Bolsonaro lembrou também que tem se aproximado cada vez mais do presidente americano, Donald Trump, mas destacou que o Brasil precisa cuidar dos seus problemas "em primeiro lugar". O presidente afirmou ainda que o País está de braços abertos para acordos e parcerias com outros países.

"Eu, particularmente, estou me aproximando cada vez mais do Trump, fui recebido duas vezes por ele, ele é a primeira economia do mundo, segundo mercado econômico. E hoje abri para jornalistas estrangeiros que o Brasil está de braços abertos para fazermos acordos, parcerias, para o bem dos nossos povos. O Brasil é um país que não tem conflito em nenhum lugar do mundo, graças a Deus, pretendemos manter nessa linha, mas entendemos que outros países têm problemas e nós aqui temos que cuidar dos nossos em primeiro lugar", disse.

Os dois cargueiros parados em Paranaguá são o Bavand, carregado com milho, e o Termeh, que trouxe ureia do Irã. Eles estão presos no porto desde o mês passado. A estatal brasileira alega que poderia sofrer punições caso abastecesse os navios e diz que outras empresas podem fornecer o combustível.

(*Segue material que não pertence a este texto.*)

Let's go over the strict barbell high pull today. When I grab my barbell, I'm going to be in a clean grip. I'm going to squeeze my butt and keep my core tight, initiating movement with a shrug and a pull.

O impasse ocorre no momento em que o Brasil busca uma aproximação com os EUA e o governo americano aumenta a pressão diplomática sobre o Irã. Em maio de 2018, Trump retirou o país de um acordo que restringia o programa nuclear iraniano em troca da suspensão gradual das sanções.

Em perigo

Para o ex-embaixador do Brasil em Washington, Rubens Barbosa, a decisão da Petrobrás em negar o abastecimento aos navios iranianos não tem influência do governo federal. “É uma decisão puramente empresarial. Empresas que comercializam ou ajudam de alguma maneira o Irã não podem fazer negócios com os EUA.”

O pacote de sanções americanas estabelece que empresas atuantes nos EUA terão os ativos congelados e as atividades paralisadas no país, caso façam transações comerciais com o Irã. O mesmo se aplica a pessoas físicas. “A Petrobrás tem negócios nos EUA, não pode correr o risco de ficar congelada”, disse Barbosa.

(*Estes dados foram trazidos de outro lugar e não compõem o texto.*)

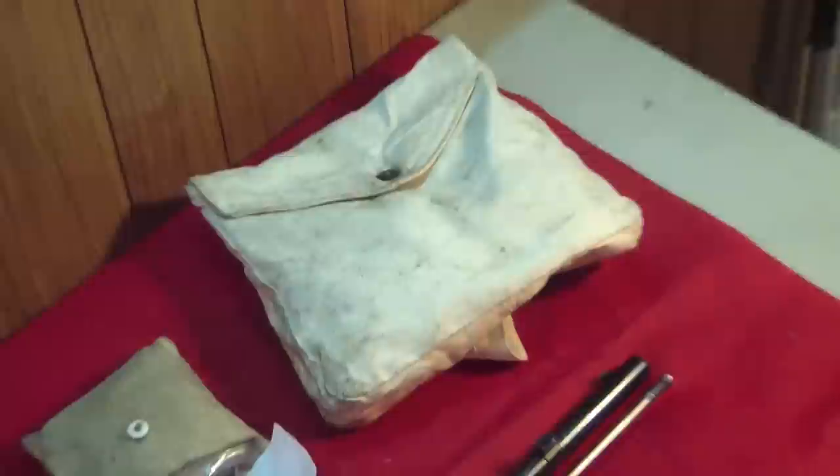This particular Enfield rifle — in this case a P-58 naval rifle reproduction by Parker Hale — has been fired with about 50 rounds put through it. This has left the barrel fouled, though not excessively, with additional fouling found around the breech area and nipple.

O caso foi parar na Justiça e o presidente do Supremo Tribunal Federal (STF), Dias Toffoli, derrubou uma liminar do Tribunal de Justiça do Paraná que havia liberado o abastecimento. O caso deve ser julgado pelo plenário do STF, que só retorna às atividades em agosto.

Em nota, os exportadores que contrataram os navios afirmaram que não há alternativa à estatal no fornecimento de combustível – a Petrobrás, no entanto, garante que há outras fornecedoras no mercado. Além disso, segundo a empresa brasileira, cujo nome não é divulgado em razão de o processo correr em sigilo de Justiça, o transporte de alimentos está livre de qualquer sanção.

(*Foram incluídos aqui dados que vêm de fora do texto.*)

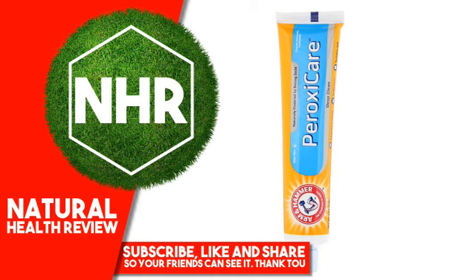Warnings: Do not use if irritation occurs and persists. Keep out of reach of children under 6 years of age. If more than used for brushing is accidentally swallowed, get medical help or contact a poison control center right away.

“Sem combustível, as embarcações podem ficar à deriva, com risco ambiental”, destaca a nota, alertando para riscos graves à tripulação, ao navio, à carga e à navegação.

Ancorados no litoral paranaense, os navios vêm recebendo comida por meios de barcaças que se deslocam do continente até eles. O Bavand tem 20 tripulantes e nenhum deles saiu do navio desde o começo do impasse, segundo a assessoria dos Portos de Paranaguá e Antonina (Appa).

Mais dois navios parados

Ao menos dois cargueiros iranianos alvo de sanções do Departamento do Tesouro dos Estados Unidos estão na costa de Santa Catarina, na fila para atracar no Porto de Imbituba. São eles o Ganj e o Delruba. Enquanto o primeiro desembarcará uma carga de 66 mil toneladas de ureia, um fertilizante, o segundo recolherá 67 mil toneladas de milho vendido para o Irã.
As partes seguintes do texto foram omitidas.